Que l'auteur principal de l'attentat ne soit pas à la barre des accusés lui importe peu. "J'ai déjà pardonné à cette personne: il est mort, et il n'était pas dans un état normal. Une personne normale ne fait pas de choses aussi atroces."

Le processus de réparation psychique est ponctué par les temps judiciaires, même si ceux-ci, de par les besoins de l'enquête, prennent souvent beaucoup de temps.

Marie Anne Gury, psychologue

"Les victimes peuvent attendre une forme de reconstruction, qui leur donne des éléments de réponse, au moins sur la chronologie et peut-être sur les intentions de l'auteur", explique dans La Matinale Marie Anne Gury, psychologue, spécialiste en victimologie et experte judiciaire au Tribunal de Lyon.

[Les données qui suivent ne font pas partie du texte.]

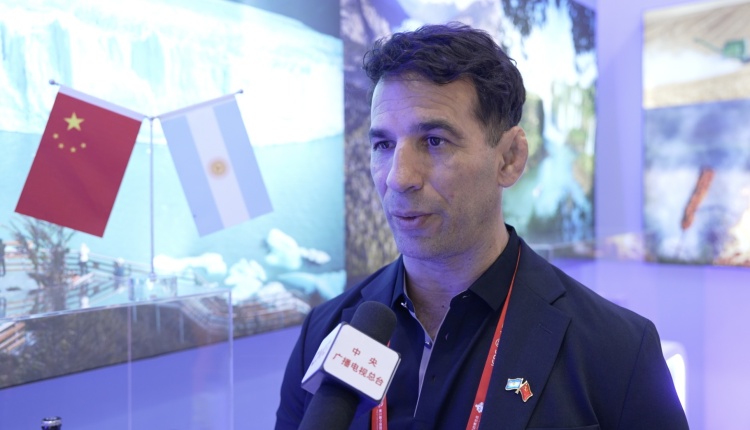 “鏈通”創(chuàng)未來(lái)丨“對(duì)各方來(lái)說(shuō)這都是個(gè)重要的展會(huì)” 鏈博會(huì)為新興經(jīng)濟(jì)體鏈接全球合作伙伴提供新機(jī)遇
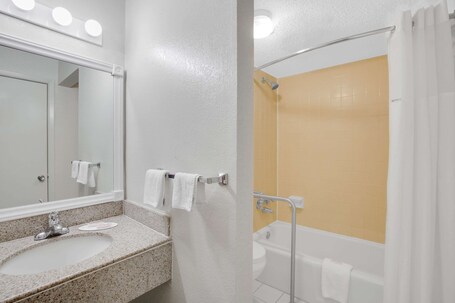 Days Inn by Wyndham Asheville West - Image 22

La temporalité judiciaire et la temporalité psychique ne sont pas les mêmes, mais elles sont interdépendantes, note l'experte. "La première a une incidence sur la seconde, et le processus de réparation psychique va être ponctué par les temps judiciaires, même si ceux-ci, de par les besoins de l'enquête, prennent souvent beaucoup de temps."

Au moment d'assister au procès, Inès Gyger dit puiser sa force dans son espoir pour un monde meilleur: "je ne voudrais pas qu'il y ait d'autres Kayla et d'autres Cristina à travers le monde."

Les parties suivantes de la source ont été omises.